(From the official Trunch Trumpet, 31.7.2000)

Henry, alleged father of folk mego-star Sid Kipper and erstwhile member of the Kipper Family, departed this earth on July 29th. After a long and painful existence, not least for his family, he passed away peacefully in mid anecdote. So in a very real sense he went quietly in everyone else’s sleep. Now we shall never know just what it was he said to Cedric Cockle about his artichokes at the Trunch Pig and Produce Show in 1947.

Henry Kipper, younger son of William and Sarah, was born on the day World War I broke out.
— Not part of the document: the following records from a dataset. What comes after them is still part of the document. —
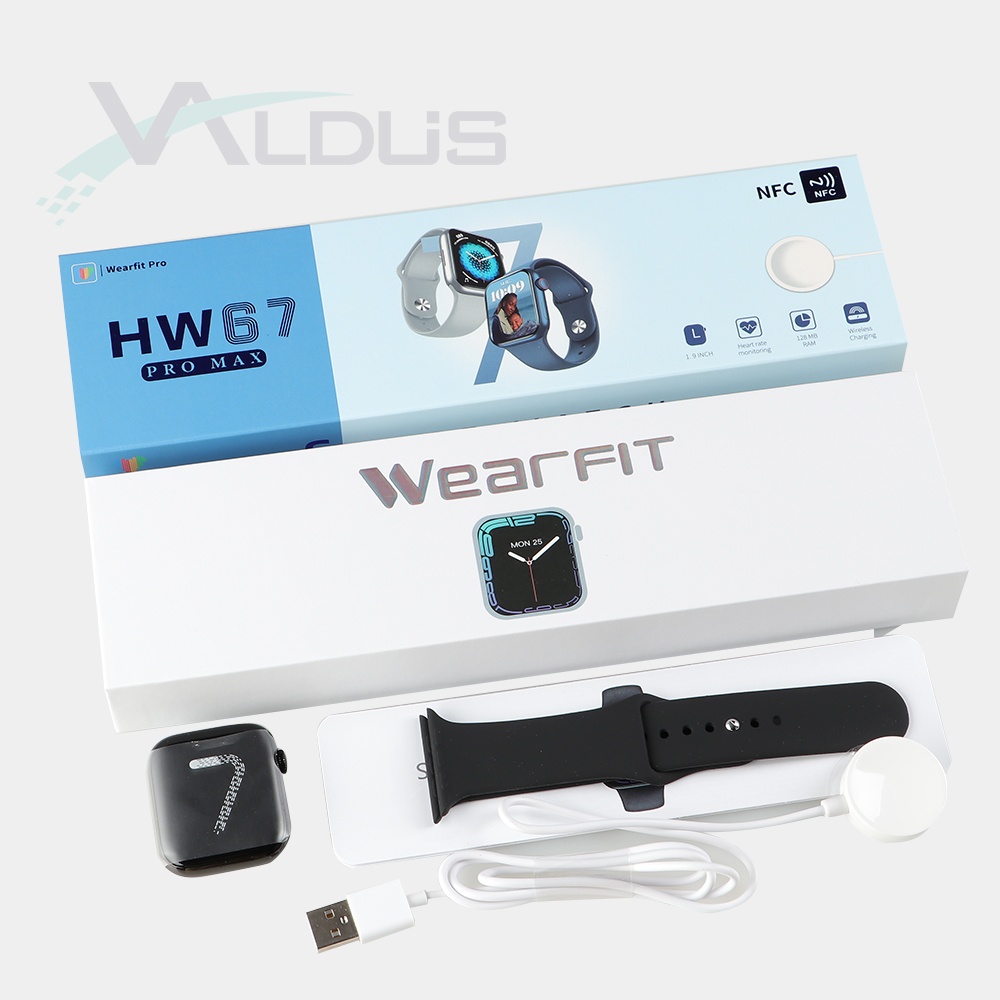 Valdus NFC 19inch Hw67 PRO Max Smartwatch Sports Blood Pressure Monitor 8 Series 7 Relogio Montre Smart Watch
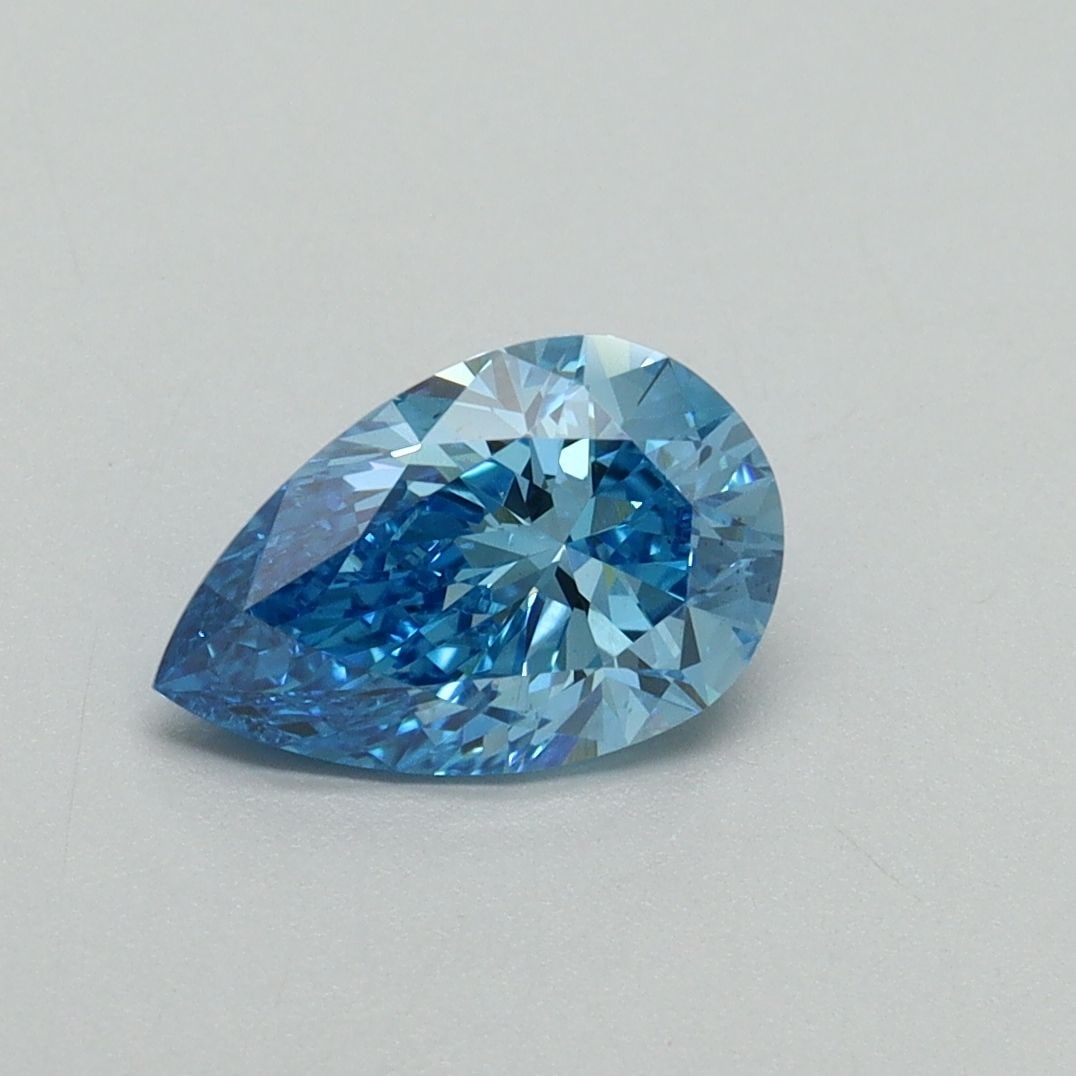 Loose Diamond - PEAR 1.05ct Fancy Vivid Blue VS1: Loose Diamond - PEAR 1.05ct Fancy Vivid Blue VS1 Source: This is a real non-mined Diamond that has been grown in a lab Shape: PEAR Carats: 1.05 Color: Fancy Vivid Blue Certification: IGI Video: Video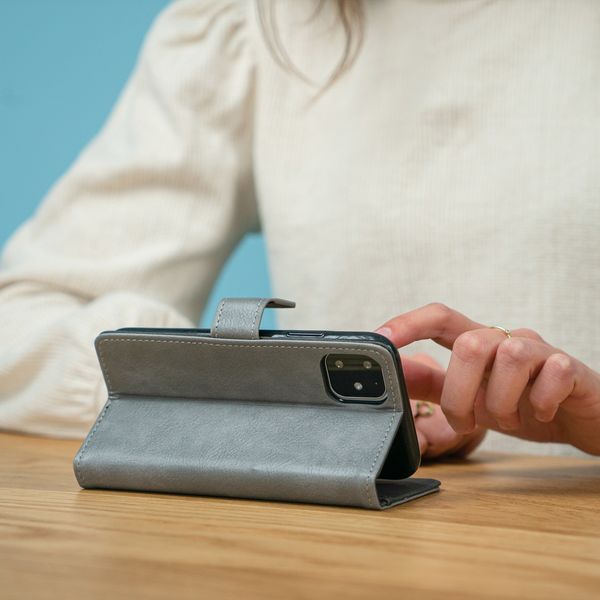 iMoshion Luxe Bookcase iPhone Xs / X - Grijs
His father noted in his diary at the time “This is the end of civilisation as we know it”. Strangely, though, he made no mention of the War.

Henry grew up in the little Norfolk village of St Just-near-Trunch, where in 1936 he married Dot Spratt to the great relief of all, as it meant nobody else would have to marry either of them. During World War II he held the reserved occupation of Scrap Dealer, and from then on did whatever work came his way that he couldn’t avoid.

In the 1980s, however, along with his talented son Sid, he was discovered by the folk scene, and for a few years they had a sensational career touring the country, recording albums and appearing on TV and radio.

Then, in 1991, the family held a surprise retirement party for Henry, leaving Sid to conquer new worlds as a solo performer, story teller, radio presenter and singer. His father would surely have been proud of him. Well – jealous, at least.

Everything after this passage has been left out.